Evidemment, je me contentais de tenir le volant de l’énorme sauterelle motorisée, dont le cueilleur coupait les blés sur 4,2 m de large. Mais peu importait : à 6 ou 7 ans, on ne s’embarrasse pas de pédales, leviers ou autres commandes incompréhensibles, l’imaginaire de la conduite résidant tout entier dans l’objet circulaire qui donne ses ordres à la direction. De toutes façons, l’essentiel du moissonnage consiste à garder le cap en ligne droite jusqu’en fin de rangée, où Daniel reprenait la manœuvre tout en me laissant gentiment l’illusion d’avoir effectué le demi-tour permettant de repartir en sens inverse, signalé par de complexes arabesques que traçaient les roues arrière directrices dans la paille restée au sol.

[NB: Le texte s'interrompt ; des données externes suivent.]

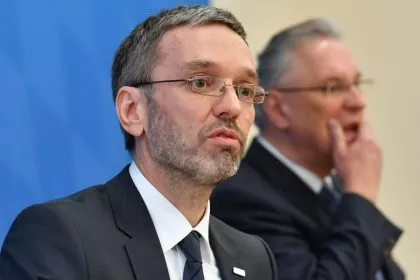 Österreich: Intrigen und Selbstmordversuch setzen FPÖ-Chef Kickl unter Druck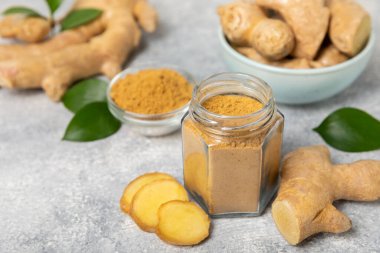 Ahşap arka planda taze zencefil. Kuru zencefil. Ballı ve limonlu zencefil dilimi. Zencefil kökü. Geleneksel alternatif tıp, bağışıklık için çay. Baharat ve baharat konsepti. Boşluğu kopyala.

On s’arrêtait vers midi pour casser la croute à l’ombre d’un arbre, en puisant dans le panier à victuailles préparé par les femmes. Pendant que Daniel avalait la moitié d’une bouteille de Valstar, je me désaltérai à l’eau teintée de sirop grenadine dans l’une de ces gourdes qui ne se départait jamais complètement du goût de plastoc. A l’époque, tout paraissait plus simple : Un jambon-beurre faisait l’affaire, et les bidons Teisseire ressemblaient à de vrais bidons, avec leur petit bouchon coloré en fonction du parfum. Moi, je profitais de mes vacances estivales pour conduire tracteurs et autres engins agricoles, autrement plus amusants que les autos à pédales auxquelles j’avais eu droit jusqu’alors, même si j’étais loin de me douter que le premier véhicule à combustion interne sur lequel j’avais mis la main cubait tout de même ses 5.800 cm³. En même temps, ces derniers n’étaient pas de trop pour emmener les 6 tonnes de la 520 aux 17,2 km/h en vitesse de pointe promis par la fiche technique.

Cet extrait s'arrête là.